Do the new terms and conditions on arbitration apply to disputes arising specifically from your use of the App or any and all interactions with McDonalds?

The linked article from Mashed suggests that it's all interactions, but the language in the T&C seems to explicitly limit the scope, unless I'm misreading.
any claim or dispute (whether in contract, tort, or otherwise) you may have with McDonald’s or any other Members of the McDonald’s System arising from or related to the online services or these terms will be resolved exclusively by final and binding arbitration
And furthermore,
Each restaurant is solely and independently responsible for its legal and regulatory compliance, for any issues relating to the supply of the products to you, and for any employment related matters in the restaurant.
posted by uncleozzy at 10:24 AM on November 29, 2023 [2 favorites]


Because the drive thru always asks you if you're using the mobile app.

To be fair, I think this is because you can collect points, not because you have to go through the drive-thru to pick up an app order. When I go, they specifically ask if I am collecting points through the app.
posted by asnider at 10:37 AM on November 29, 2023 [1 favorite]


Now? Now they go "ah I see you're close, we'll start making your order now"

For a burger joint, they sure know a lot about you. I like to walk up to a place, pay in cash, and walk out.
posted by pracowity at 10:55 AM on November 29, 2023 [8 favorites]


Is this significantly different than the terms and conditions for all the other apps and devices out there? And you can count me in with those who aren’t interested in downloading yet another app i will only use a few times a year to clutter up my phone and/or tablet. Many of which don’t work very well or lack functionality that the website has (I’m looking at you, Capital One!).
posted by TedW at 10:55 AM on November 29, 2023


For most users, particularly if they're frequent patrons, such apps apparently offer some level of convenience and/or cost-savings. Most users don't understand, or much care about any data/privacy implications, and they're not statistically likely to interact with or be bothered by any of the other Terms & Conditions. Ditto for other similar commercial apps, I imagine.

I confess that on road trips that start early, we will often hit a McD's for a breakfast break after a couple hours. The coffee's usually not bad, and I'm partial to McGriddles. And of course, free wifi. But this is like once every couple of month or less, and we detest drive-thru's, so there's no real upside to the app for us.

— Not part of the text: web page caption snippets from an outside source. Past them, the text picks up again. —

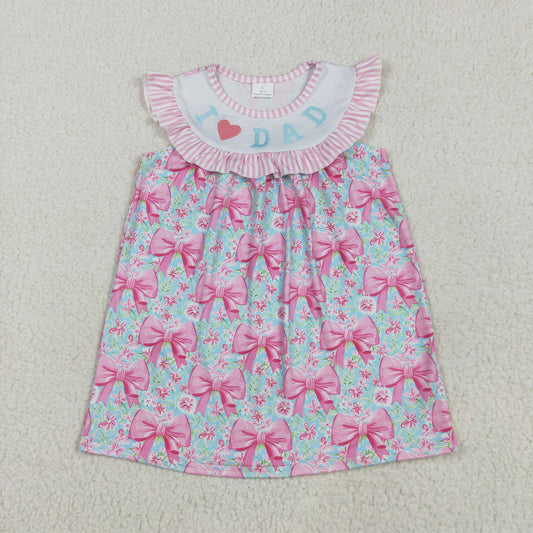 GSD2534 I Love Dad Embroidered Blue Pink Bows Fly Sleeve Dress Girls Boutique Summer Clothes 202505 RTS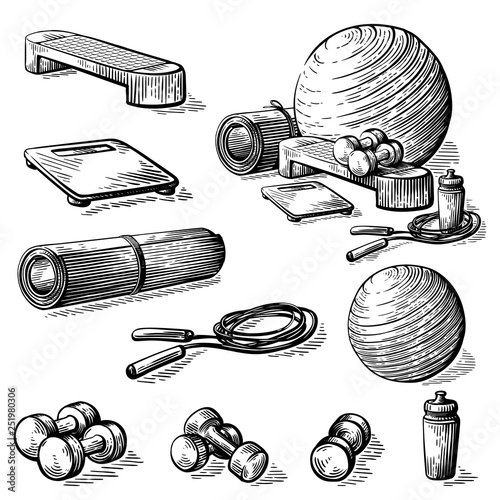 sketch hand drawn collection of elements for fitness ball scales bottle dumbbell step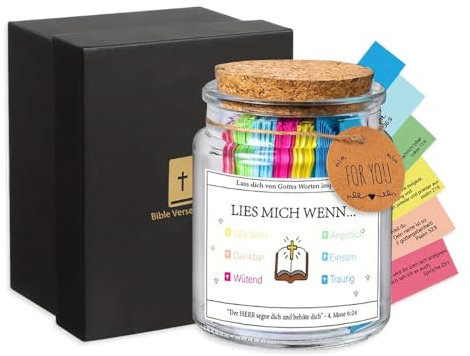 YZROHYI Bible Verse Jar Deutsch,Bibelglas Deutsch,Read Me When Bibelverse Im Glas mit Bibelversen,Bibelsprüche Im Glas,Quran Verses Jar,Prayer Jars,Ostern Christliche Geschenke,Christian Gifts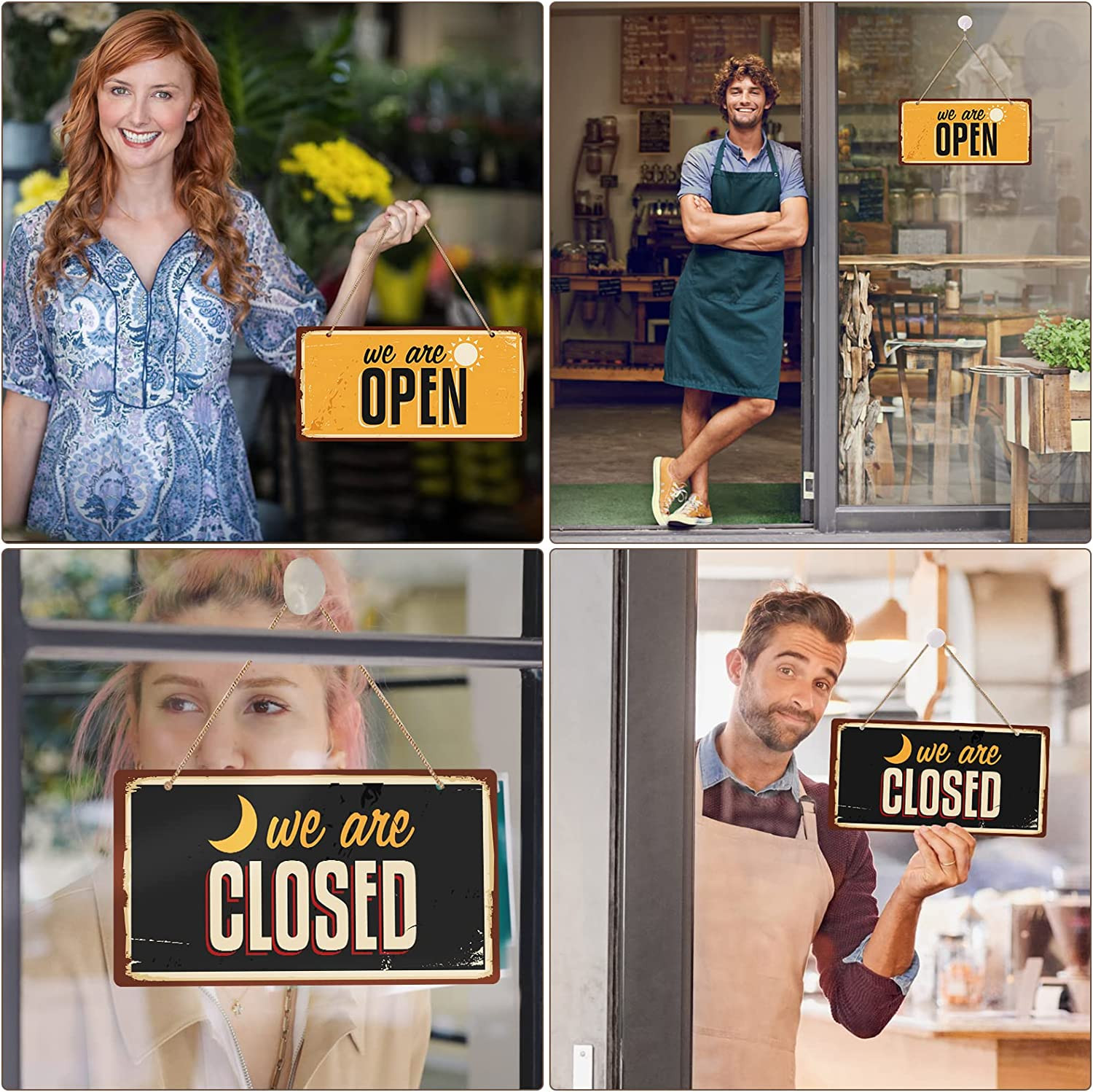 Double Sided Open/Closed Signs – 12&Prime; x 6&Prime; Business Hours Signs for Window/Door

We've tried their ginormous in-store order terminals. It took a little while to understand them, their touch is often unresponsive, and the printers were not working like 60% of the time. Automation fail. So I'm going nowhere near their app, given that track record.
posted by Artful Codger at 10:59 AM on November 29, 2023 [2 favorites]


"Robble-Robble"
posted by clavdivs at 11:04 AM on November 29, 2023 [15 favorites]


I'll reserve judgment until The Doughboys determine whether or not The App is Crap.
posted by saladin at 11:05 AM on November 29, 2023 [1 favorite]


Man, you all are so angry about everything. I'm always surprised, for such a tech-industry heavy user base how much people here seem to hate technology

If you don't like McDonald then that's valid, but also

The obvious question is: why is there a McDonald’s app in the first place?

I mean - you're ordering food from them. The app makes it easier for quite a lot of people to order food, including people who, for a variety or reasons, have trouble making themselves understood verbally or who have issues with auditory processing to confirm that their order is correct.

It also provides cost savings (free fries!) and a way to save favorite orders, and order ahead so if it takes to for a family member to decide on things they can do so on the way there and you're not holding up the whole line

At least where I am you don't only have to go through the Drive through you can also walk in and pick up your order and then leave, if that's what you want - no human interaction required

Does that mean they're also getting your data? Sure. Absolutely. ("Ask App not to Track" is your friend here) But if you are, say, a nonverbal teenager who greatly enjoys French Fries as a reward after school is over, or an elderly gentleman who wants a cup of coffee and a hashbrown every morning but has a tough time hearing, or on a family road trip and its crucial that you make sure to specify NO PICKLES every single time .... its a useful tool.

If its not the right tool for you, that's cool. But it is the right tool for some people. Maybe don't shit all over tools that provide savings or convenience or help for people just because its not for you.
posted by anastasiav at 11:13 AM on November 29, 2023 [49 favorites]


("Ask App not to Track" is your friend here)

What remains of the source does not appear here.